Título: Vitória de Cristina deve reunificar os peronistas
Autor: Felício, Cesar
Fonte: Valor Econômico, 23/10/2011, Internacional, p. A9

A reunificação do peronismo depois de dez anos de fragmentação deverá ser a primeira consequência da reeleição ontem da presidente argentina Cristina Kirchner. A presidente conseguiu 53% de votos, segundo o resultado oficial com 16% dos votos apurados. O adversário mais próximo, o socialista Hermes Binner, governador da Província de Santa Fé, conseguiu 17%. O deputado Ricardo Alfonsín, da União Cívica Radical, obtinha 13%, seguido pelos dois dissidentes peronistas, Alberto Rodríguez Saa, com 7% e Eduardo Duhalde, com 6%.

O resultado - que registra a maior diferença entre o primeiro e o segundo colocado na história da Argentina - deve abrir caminho para que Cristina assuma a presidência do Partido Justicialista (PJ), a sigla oficial do peronismo, que desde 1999 não escolhe um candidato único à Presidência em função de suas divisões internas. Na Argentina, é permitido a candidaturas por partidos ou por alianças, o que torna possível mais de um candidato filiado ao PJ.

Atualmente, o presidente da sigla é o governador da Província de Buenos Aires, Daniel Scioli, também reeleito ontem. Mas Scioli ocupa o cargo de forma interina, em razão da morte do ex-presidente Néstor Kirchner, marido de Cristina, há exatamente um ano.

Os dissidentes peronistas, como o ex-presidente Eduardo Duhalde e o governador da Província de San Luis, Alberto Rodríguez Saa, saíram humilhados da eleição e tendem a refluir da posição oposicionista. O próprio Duhalde admitiu, dias antes do pleito, a hegemonia da presidente. "No peronismo, quem tem o poder, tem o controle do partido", disse.

Em 2007, Cristina se elegeu para suceder o marido tendo um vice dissidente da oposição e também enfrentando dissidentes no PJ, como agora. O voto total peronista há quatro anos atingiu 68%, sendo 45% dado a Cristina, 16% ao ex-ministro Roberto Lavagna, de origem peronista, mas que concorreu com apoio da UCR, e 7% a Adolfo Rodríguez Saa. A se confirmar os resultados, a opção peronista oscilou agora para 66% dos sufrágios, sendo apenas 13% dados aos não kirchneristas.

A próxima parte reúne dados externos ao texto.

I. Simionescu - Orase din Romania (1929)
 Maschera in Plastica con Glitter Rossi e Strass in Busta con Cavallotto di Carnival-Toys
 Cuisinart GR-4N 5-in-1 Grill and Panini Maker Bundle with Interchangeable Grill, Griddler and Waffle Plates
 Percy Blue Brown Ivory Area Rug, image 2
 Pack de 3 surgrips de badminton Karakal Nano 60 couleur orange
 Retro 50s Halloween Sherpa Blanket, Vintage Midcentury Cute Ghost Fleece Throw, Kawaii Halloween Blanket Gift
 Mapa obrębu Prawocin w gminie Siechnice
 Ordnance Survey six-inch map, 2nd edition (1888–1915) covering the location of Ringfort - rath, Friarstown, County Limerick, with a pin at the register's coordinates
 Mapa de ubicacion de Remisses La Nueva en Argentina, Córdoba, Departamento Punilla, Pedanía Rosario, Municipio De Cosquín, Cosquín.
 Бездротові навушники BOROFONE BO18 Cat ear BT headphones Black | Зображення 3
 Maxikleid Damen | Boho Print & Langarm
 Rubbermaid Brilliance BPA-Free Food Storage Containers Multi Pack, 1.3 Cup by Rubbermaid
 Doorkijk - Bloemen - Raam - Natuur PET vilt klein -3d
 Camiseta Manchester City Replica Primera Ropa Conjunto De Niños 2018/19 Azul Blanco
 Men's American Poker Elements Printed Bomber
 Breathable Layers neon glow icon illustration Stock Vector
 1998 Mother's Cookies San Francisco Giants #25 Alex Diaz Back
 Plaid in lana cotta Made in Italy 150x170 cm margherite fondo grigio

O peronismo é a forca política que governou a Argentina em 32 dos últimos 65 anos. No tempo restante, ditaduras militares estiveram no poder por 17 anos e governos civis não-peronistas administraram por apenas 16 anos. O movimento foi formado por um militar, o coronel Juan Domingo Perón, em 1945, quando assumiu o Ministério do Trabalho e recebeu o apoio de líderes sindicais para concorrer à eleição presidencial do ano seguinte.

Perón criou uma ampla rede de proteção social no país, estabeleceu alianças com caciques regionais e setores conservadores e retirou espaço político de forças opositoras e da imprensa. Dentro de quatro anos, a era de Néstor e Cristina irá se igualar em duração a de Perón e sua terceira mulher, Isabelita: ambos os períodos terão durado doze anos. Caso seja considerado o período ininterrupto, a hegemonia do casal Kirchner é a maior na história argentina desde 1930.

Os regimes militares e civis que se alternaram enquanto Perón esteve no exílio, entre 1955 e 1973, retiraram direitos sociais e fizeram com que o sindicalismo mantivesse o peronismo vivo e dividido entre extremistas de esquerda e de direita. A ambiguidade marca a corrente até hoje.

"O peronismo representa o sonho de muitos, mas não um sonho coletivo. Os eleitores podem apoiar Cristina por ela ser contra o aborto ou por ela ser a favor do casamento homossexual. Cabe tudo no apoio, mas são expectativas que se confrontam", comentou na última quinta um especialista no tema, o historiador Ricardo Sidicaro, autor de "Os três peronismos".